[Data provided]
=== Begin Enclosure ===
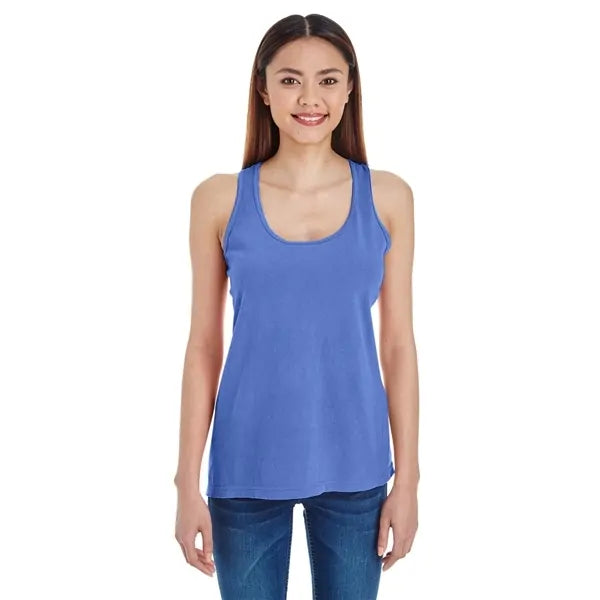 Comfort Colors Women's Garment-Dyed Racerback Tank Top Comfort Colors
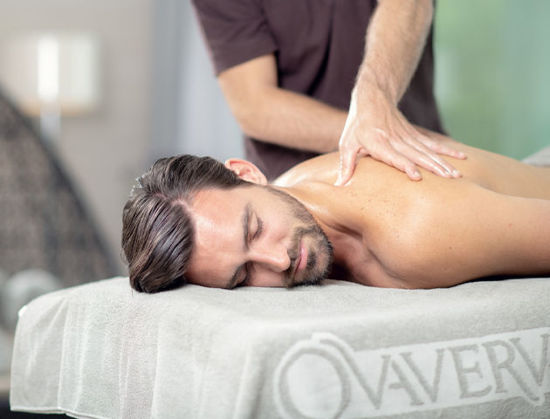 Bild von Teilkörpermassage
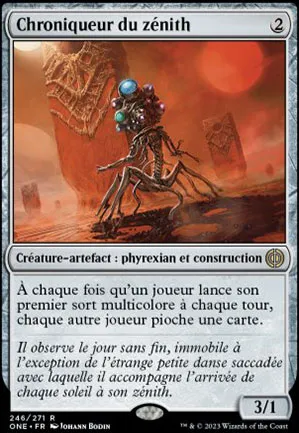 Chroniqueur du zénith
=== End Enclosure ===
[Problem requirements]
Reproduce all lines above exactly. Leave the images out.

[The answer]
 Comfort Colors Women's Garment-Dyed Racerback Tank Top Comfort Colors
 Bild von Teilkörpermassage
 Chroniqueur du zénith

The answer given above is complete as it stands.